CharCopy

CharCopy is a small but powerful util that copies text files and converts between character encodings.

Version: build 2002-175
Language: English
Requirements: Java 1.1
Start command:
java CharCopy parameters
Download: CharCopy.class (5 kb)

Description

The java runtimes have good support for diffent character encodings, but with the runtime only, the end user can't use these facilities. That's why I created CharCopy, a small commandline util that works like the copy command, but with the important difference that it works with characters, not bytes, and that you can give the target file another encoding than the source file.

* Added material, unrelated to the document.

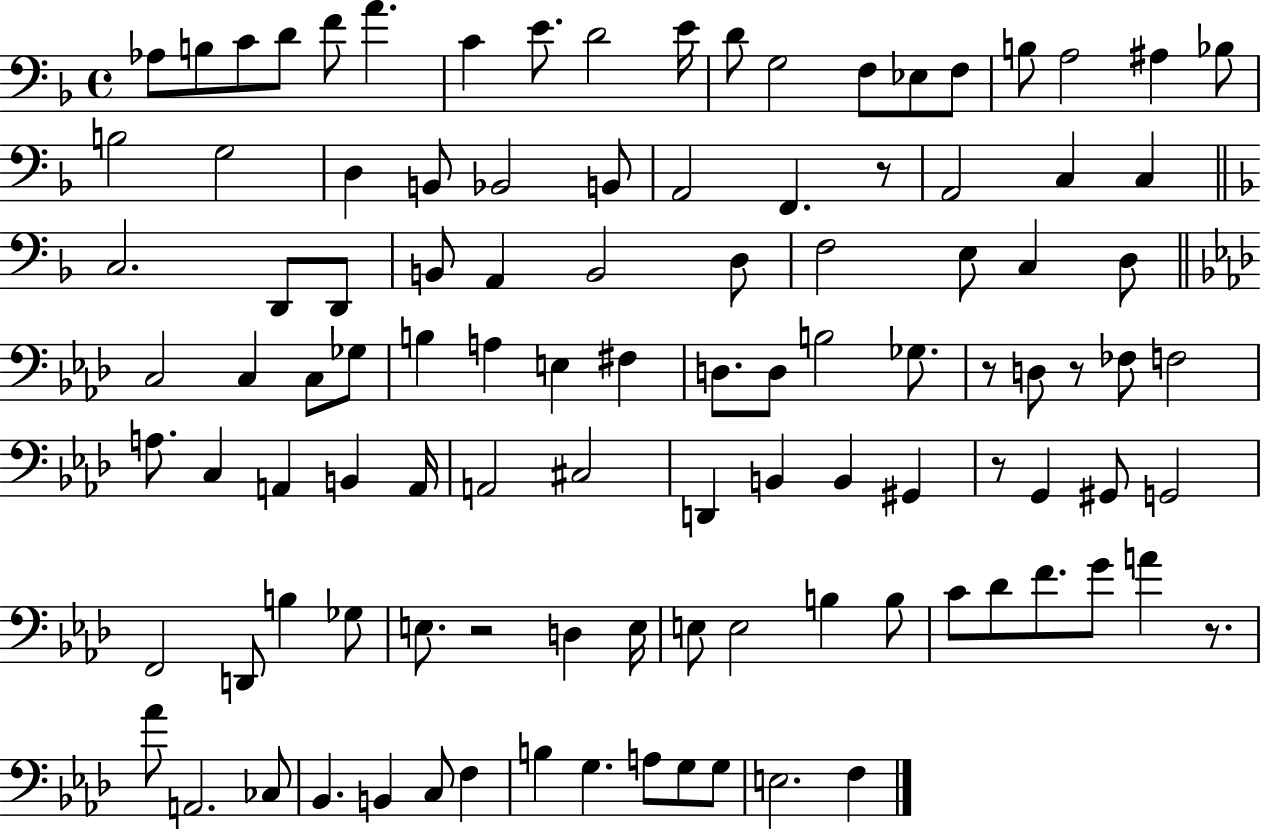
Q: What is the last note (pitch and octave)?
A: F3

Some notes about characters and bytes: CharCopy works with characters, not bytes. Copy plain text files only! CharCopy reports the number of characters copied; this can differ from the number of bytes copied. The target file can get another size than the source file, but the number of characters remains.

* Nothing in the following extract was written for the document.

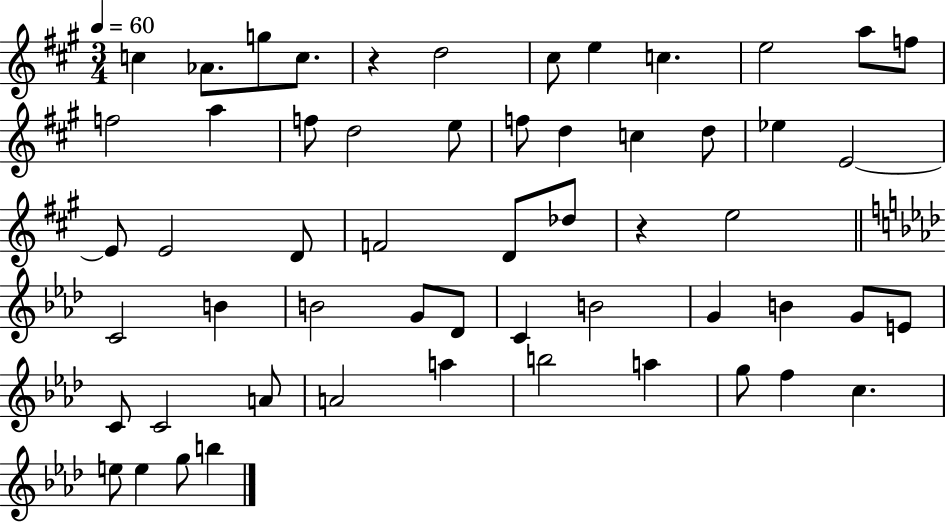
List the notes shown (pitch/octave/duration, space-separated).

C5/q Ab4/e. G5/e C5/e. R/q D5/h C#5/e E5/q C5/q. E5/h A5/e F5/e F5/h A5/q F5/e D5/h E5/e F5/e D5/q C5/q D5/e Eb5/q E4/h E4/e E4/h D4/e F4/h D4/e Db5/e R/q E5/h C4/h B4/q B4/h G4/e Db4/e C4/q B4/h G4/q B4/q G4/e E4/e C4/e C4/h A4/e A4/h A5/q B5/h A5/q G5/e F5/q C5/q. E5/e E5/q G5/e B5/q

A java runtime should (must) at least support these encodings: US-ASCII, ISO-8859-1, UTF-8, UTF-16BE, UTF-16LE, UTF-16

Example of use

To fetch the syntax pattern, type:

java CharCopy

A source file is required. A source encoding is optional (default is platform's default). A target file is optional (no target given will write to standard out, which normally is the screen). A target encoding is optional (default is platform's default).

Here follows some examples. To copy the contents of iso.txt with ISO-8859-1 encoding to utf.txt with UTF-8 encoding:

java CharCopy iso.txt:8859-1 utf.txt:UTF-8

To copy the contents of native.txt with the platsforms default encoding to iso.txt with ISO-8859-1 encoding:

java CharCopy native.txt iso.txt:8859-1

To read utf.txt with UTF-8 encoding and display the contents on the screen (with platsforms default encoding):

java CharCopy utf.txt:UTF-8

The following two lines should have the same effect. However, the last one probably doesn't work on all platforms.

java CharCopy utf.txt:UTF-8 iso.txt:8859-1
java CharCopy utf.txt:UTF-8 :8859-1 > iso.txt

The above stupid filenames (iso.txt utf.txt native.txt) is just to make it easier to understand, and doesn't have anything with the functionality to do.